#### TASK GOAL:
An exact reproduction is required of the lines from the beginning of the entries through the line with "Ford Focus 1.5", pictures excluded and nothing added.

#### EXCERPTED RECORDS:

####################

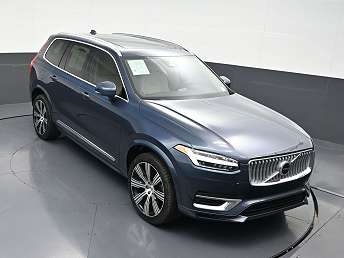 2025 Volvo XC90 T8 Core 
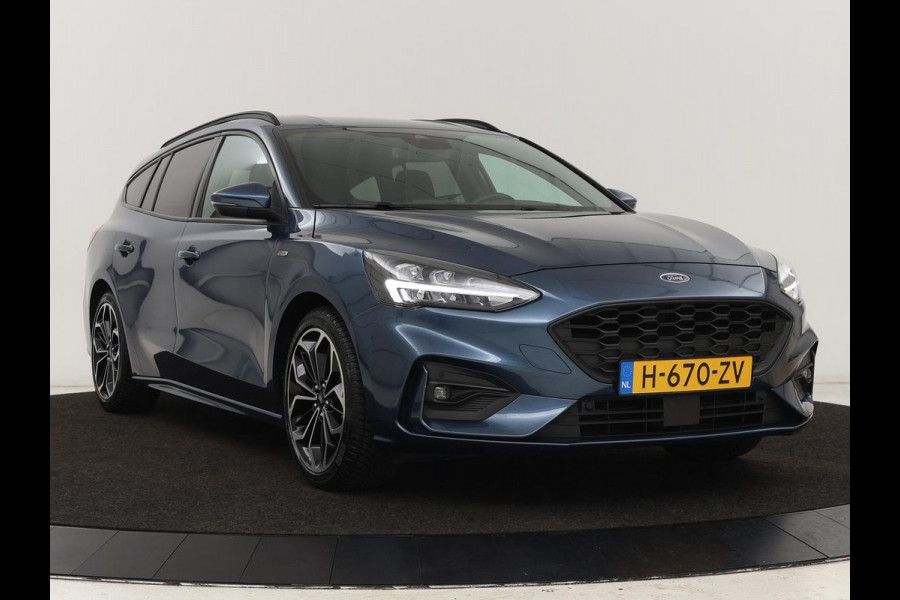 Ford Focus 1.5 EcoBoost ST Line | Trekhaak | B&O Sound | Carplay | Navigatie | Full LED | Climate control | Keyless | PDC | Sportstoelen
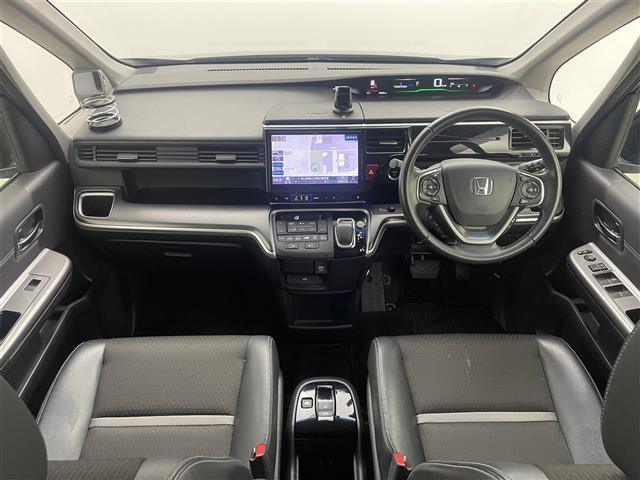 ステップワゴンスパーダ e:HEVスパーダ G・EX ホンダセンシング アルパイン10インチナビ バックカメラ 両側パワスラ わくわくゲート ドラレコ ハーフレザーシート LEDヘッドライト オートライト ETC2.0 純正フロアマット レーダークルーズ オートハイビーム(12枚目)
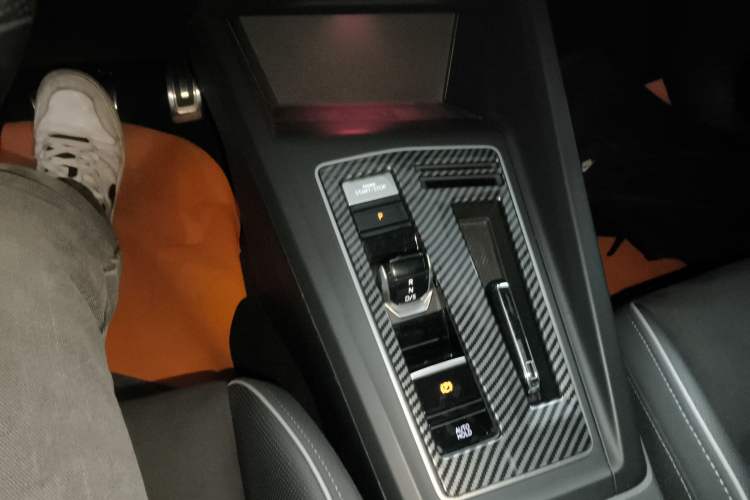 Used Volkswagen Golf 2021 280TSI DSG R-Line
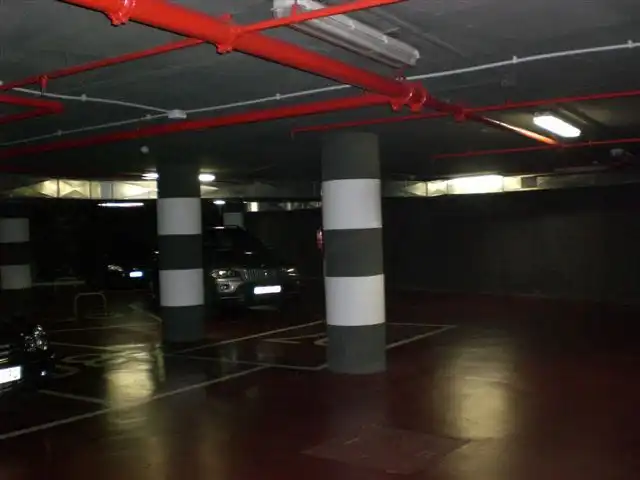 Garatge de lloguer a CALLE PELAI, 3, El Raval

####################

#### WRITTEN SOLUTION:
 2025 Volvo XC90 T8 Core 
 Ford Focus 1.5 EcoBoost ST Line | Trekhaak | B&O Sound | Carplay | Navigatie | Full LED | Climate control | Keyless | PDC | Sportstoelen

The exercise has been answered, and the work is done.